Problem to solve:
Here is the task for the records below: repeat exactly the lines from the one with "Money Jungle/Product Detail/Jazz" to the one with "watch chronograph man", both included, and nothing else.

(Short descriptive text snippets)
====

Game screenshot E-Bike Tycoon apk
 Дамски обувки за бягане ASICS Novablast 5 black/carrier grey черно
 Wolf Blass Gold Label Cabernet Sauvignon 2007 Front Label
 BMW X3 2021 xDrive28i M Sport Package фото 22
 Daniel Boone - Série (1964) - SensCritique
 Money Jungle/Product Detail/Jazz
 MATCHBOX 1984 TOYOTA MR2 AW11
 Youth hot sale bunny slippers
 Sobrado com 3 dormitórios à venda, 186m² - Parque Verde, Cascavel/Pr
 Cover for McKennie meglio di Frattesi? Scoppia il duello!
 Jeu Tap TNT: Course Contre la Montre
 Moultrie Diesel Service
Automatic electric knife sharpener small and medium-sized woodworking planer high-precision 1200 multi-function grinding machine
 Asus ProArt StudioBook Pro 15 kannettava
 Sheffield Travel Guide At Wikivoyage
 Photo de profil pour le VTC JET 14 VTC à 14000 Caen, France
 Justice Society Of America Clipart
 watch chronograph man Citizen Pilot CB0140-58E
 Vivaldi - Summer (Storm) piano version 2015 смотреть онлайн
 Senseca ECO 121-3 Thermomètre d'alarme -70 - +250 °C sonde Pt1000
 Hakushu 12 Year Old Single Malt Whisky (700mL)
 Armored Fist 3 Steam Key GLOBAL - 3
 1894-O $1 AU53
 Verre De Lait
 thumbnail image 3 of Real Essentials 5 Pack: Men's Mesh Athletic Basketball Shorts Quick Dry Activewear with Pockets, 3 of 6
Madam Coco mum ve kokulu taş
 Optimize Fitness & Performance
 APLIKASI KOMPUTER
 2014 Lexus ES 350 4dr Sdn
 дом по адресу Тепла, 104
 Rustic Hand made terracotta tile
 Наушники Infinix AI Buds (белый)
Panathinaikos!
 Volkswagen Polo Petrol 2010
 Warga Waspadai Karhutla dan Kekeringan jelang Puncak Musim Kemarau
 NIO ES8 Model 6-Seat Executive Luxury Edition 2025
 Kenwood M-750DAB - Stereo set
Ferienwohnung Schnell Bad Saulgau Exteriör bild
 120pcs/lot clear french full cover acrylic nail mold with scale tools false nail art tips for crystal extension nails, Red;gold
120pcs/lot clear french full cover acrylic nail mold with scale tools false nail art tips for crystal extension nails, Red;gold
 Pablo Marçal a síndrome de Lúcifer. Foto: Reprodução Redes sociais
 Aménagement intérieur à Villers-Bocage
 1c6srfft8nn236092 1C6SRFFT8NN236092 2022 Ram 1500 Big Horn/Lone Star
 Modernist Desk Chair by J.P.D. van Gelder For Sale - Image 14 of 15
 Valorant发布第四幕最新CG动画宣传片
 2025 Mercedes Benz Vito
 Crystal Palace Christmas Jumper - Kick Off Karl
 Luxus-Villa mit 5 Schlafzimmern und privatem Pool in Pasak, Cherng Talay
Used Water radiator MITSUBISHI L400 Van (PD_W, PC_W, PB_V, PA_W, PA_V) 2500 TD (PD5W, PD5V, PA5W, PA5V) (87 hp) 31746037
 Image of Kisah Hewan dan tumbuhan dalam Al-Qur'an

====

Your solution:
 Money Jungle/Product Detail/Jazz
 MATCHBOX 1984 TOYOTA MR2 AW11
 Youth hot sale bunny slippers
 Sobrado com 3 dormitórios à venda, 186m² - Parque Verde, Cascavel/Pr
 Cover for McKennie meglio di Frattesi? Scoppia il duello!
 Jeu Tap TNT: Course Contre la Montre
 Moultrie Diesel Service
Automatic electric knife sharpener small and medium-sized woodworking planer high-precision 1200 multi-function grinding machine
 Asus ProArt StudioBook Pro 15 kannettava
 Sheffield Travel Guide At Wikivoyage
 Photo de profil pour le VTC JET 14 VTC à 14000 Caen, France
 Justice Society Of America Clipart
 watch chronograph man Citizen Pilot CB0140-58E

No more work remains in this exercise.